Veniss Underground - Jeff VanderMeer I picked up this book on a recommendation as a book that features it's urban setting as an integral character in the story. When I looked at the synopsis, I was glad to see it's a Far Dark Future-y cyberpunky sort of story. It's not like all the other cyberpunk books I've read; the prose is some weird amalgam of stream-of-conscious meets futurewords-without-enough-context. It read like some Important Modern Literature I've seen (and subsequently loathed). I believe our main character, or at least the one who's point of view has most of the words for the part I read, is a starving artist and he's telling me that he's telling me about something that happened to him. That was not a typo back there - the character is actually making a point of saying (over and over) that he's telling me a story. First of all, I'm not a fan of books that address me directly. It's a gimmicky device that's only useful in a small number of (mostly humorous) contexts. Books are for being written and being read, and I'd like to keep the conversation between myself and the author in my very own head, thank you very much. If you want to have a dialogue with me, send me an email or write me a note on a forum; otherwise, stick to writing your story and we'll get along fine. I provide this sentence as exemplary of the way the author uses lots of words and punctuation without saying anything meaningful:
So, since Shadrach certainly wouldn't move in to protect me and my art from the cold pricklies of destruction - I mean, I couldn't go it alone; I had this horrible vision of sacrificing my ceramics, throwing them at future Pick Dicks because the holo stuff wouldn't do any harm of a physical nature (which made me think, hey, maybe this holo stuff is Dead Art, too, if it doesn't impact on the world when you throw it) - since that was Dead Idea, I was determined to go down to Quin's Shanghai Circus (wherever that was) and "git me a meerkat," as those hokey nuevo Westerns say. A meerkat for me, I'd say, tall as you please. Make it a double. In a dirty glass cage. (Oh, I'd crack myself up if the Pick Dicks hadn't already. Tricky, tricky pick dicks.)

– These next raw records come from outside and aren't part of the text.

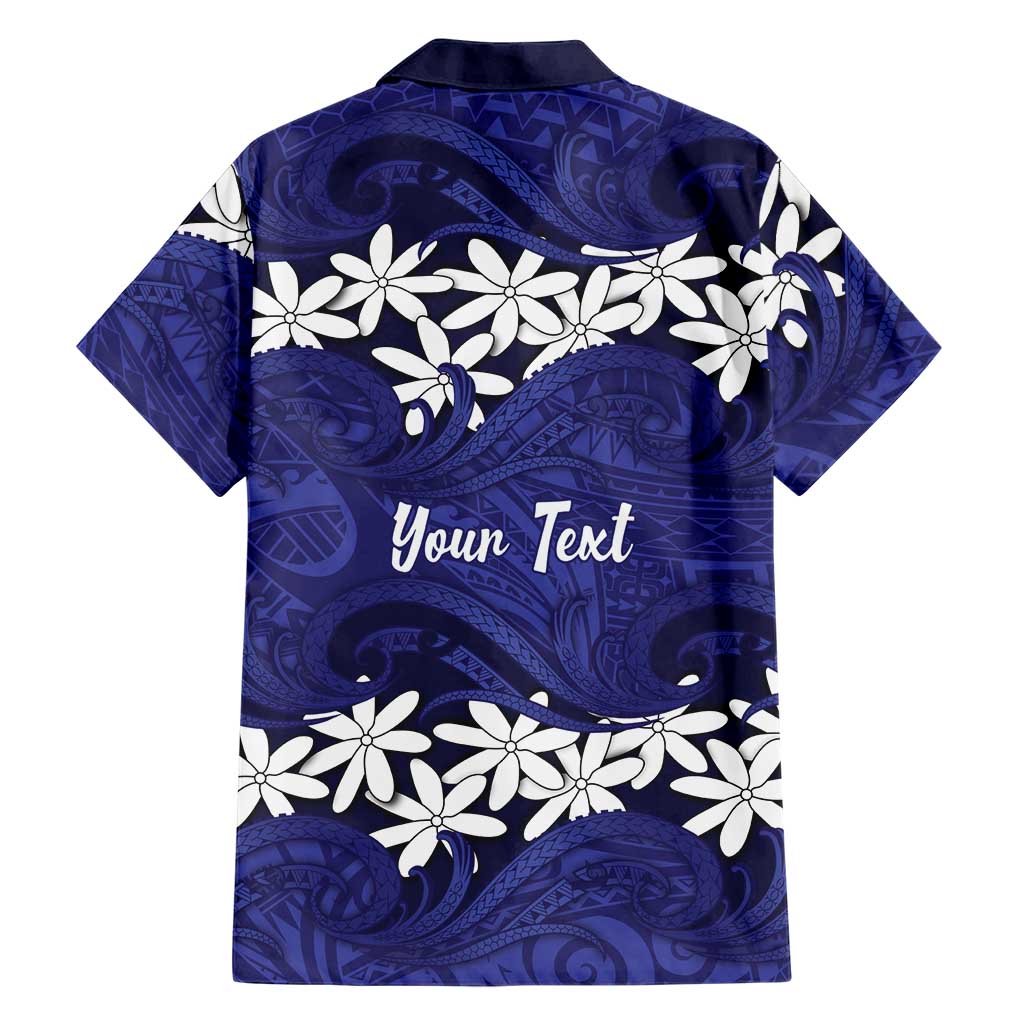 Personalised Cook Islands Pukapuka Hawaiian Shirt Tiare Maori Polynesian Waves Tattoo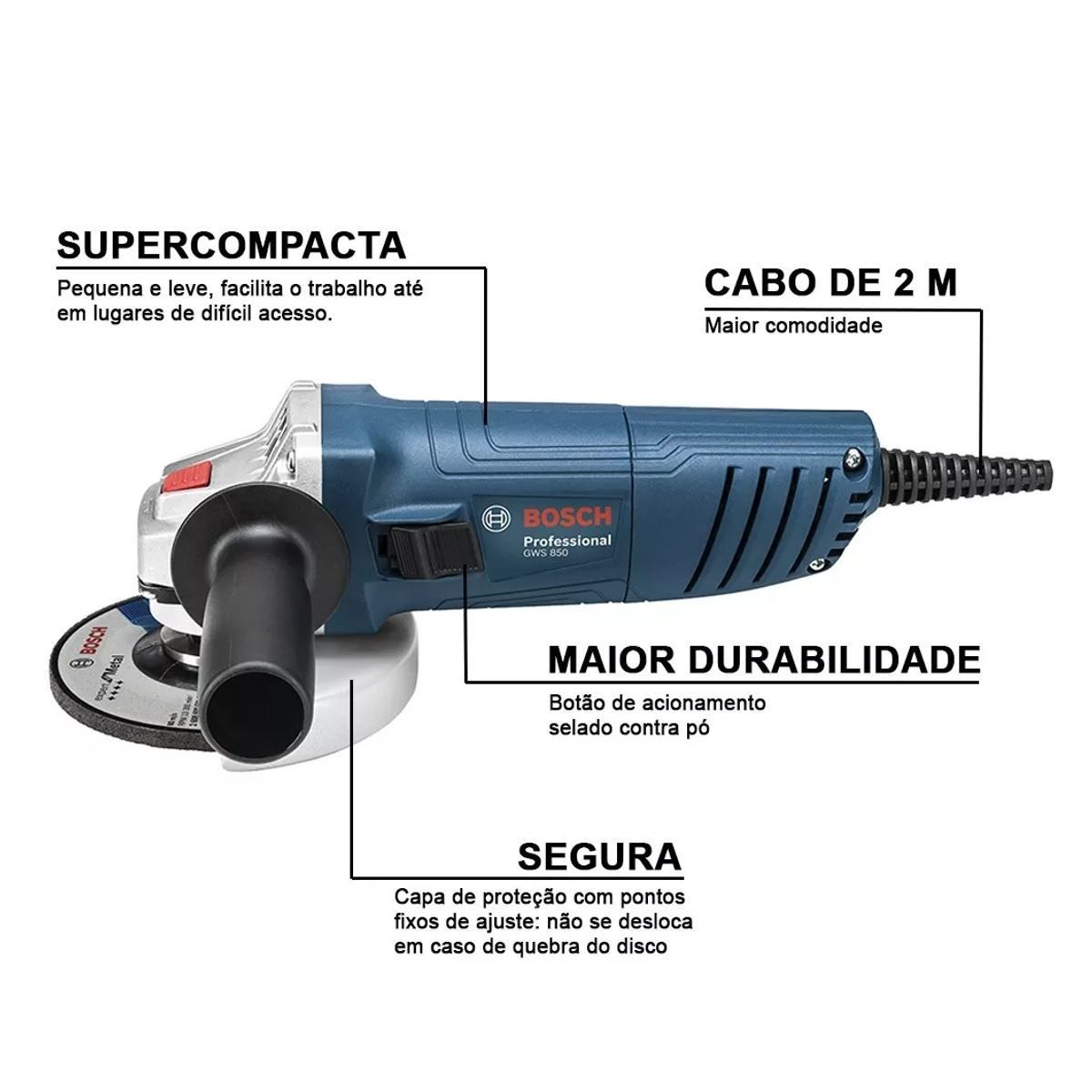 Esmerilhadeira Angular Bosch GWS 850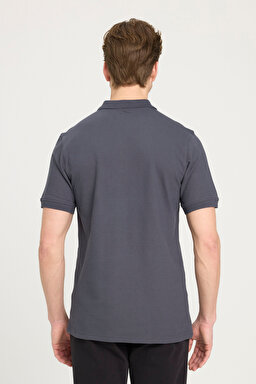 Regular Fit Normal Kesim Polo Yaka %100 Pamuk Antrasit Tişört - Anthracite-W7D5K4XX2T003 (görsel 6)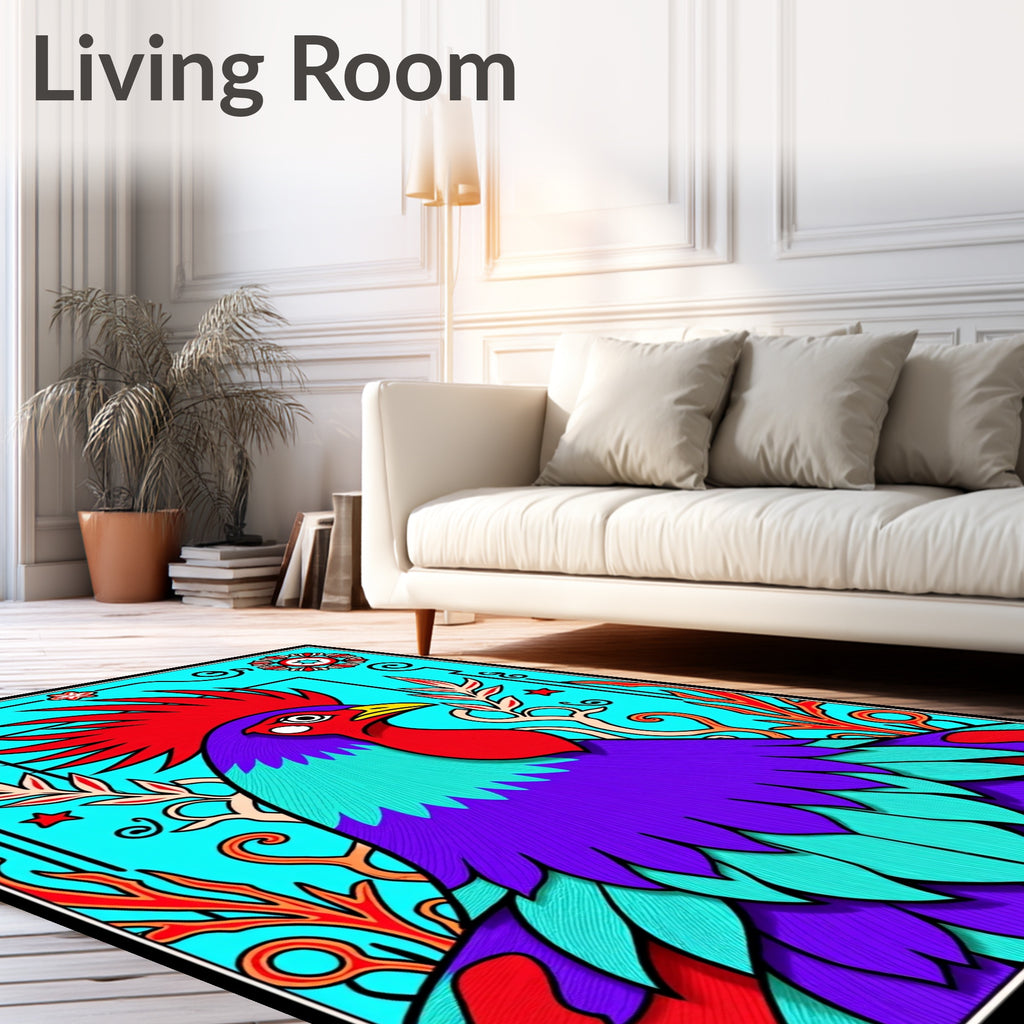 Vibrant Rooster Aquamarine Floral Border Rug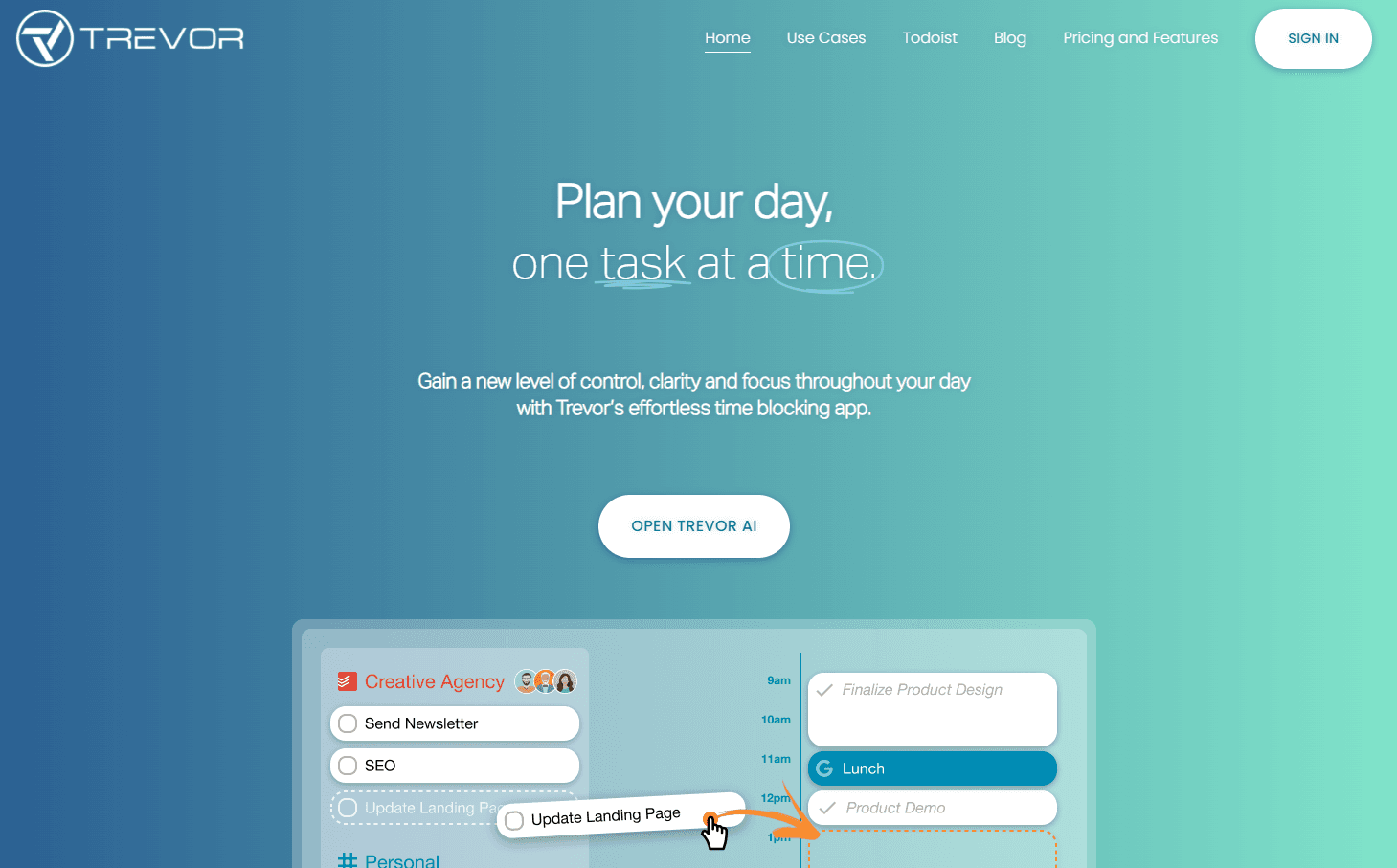 Trevor AI's user-friendly interface for task scheduling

Right about the time I was telling myself, "I'm going to give this book 5% more to figure out how to talk to me, or I'm giving up on it" there's a chapter break and the POV changes. I usually don't like POV changes; it's fine to move between characters but please don't change the narrative POV you're approaching the characters with unless you have a really good reason and you know what you're doing. I never found the former and I'm not convinced of the latter. The narrative changed to second person POV.


I hate it in my bones. The very fiber of my essence quivers with revulsion when my eyes scan second person POV with a disgust that is born of the irrationality that can only be fostered by a childhood full of abuse. Second person narrative makes me throw up in my mouth a little. I don't doubt for a moment that authors feel passionately about their work and they put an amazing amount of effort into writing a book, but that doesn't mean anybody, anywhere, anytime, gets to tell me "You feel (something), you think (something)." I reserve that right for myself alone. The author is more than welcome to try and manipulate my feelings and intellect, but I and I alone get to tell me what I feel and think. The prose doesn't improve much with the change in POV, either. The irony of the following selection is that it's the loser artist's sister talking about the loser artist we met in the first quote, but it could just as easily be talking about the prose:
You can still hear Nick's sentences, but you don't want to complete them, for they are monstrous, guttural creations, and they reek of blood. They are not the constructions of the Nick you know, the Nick who loves the Canal District for its many-layered conversations, the deals being made, the mysterious magic of it that defies easy definition.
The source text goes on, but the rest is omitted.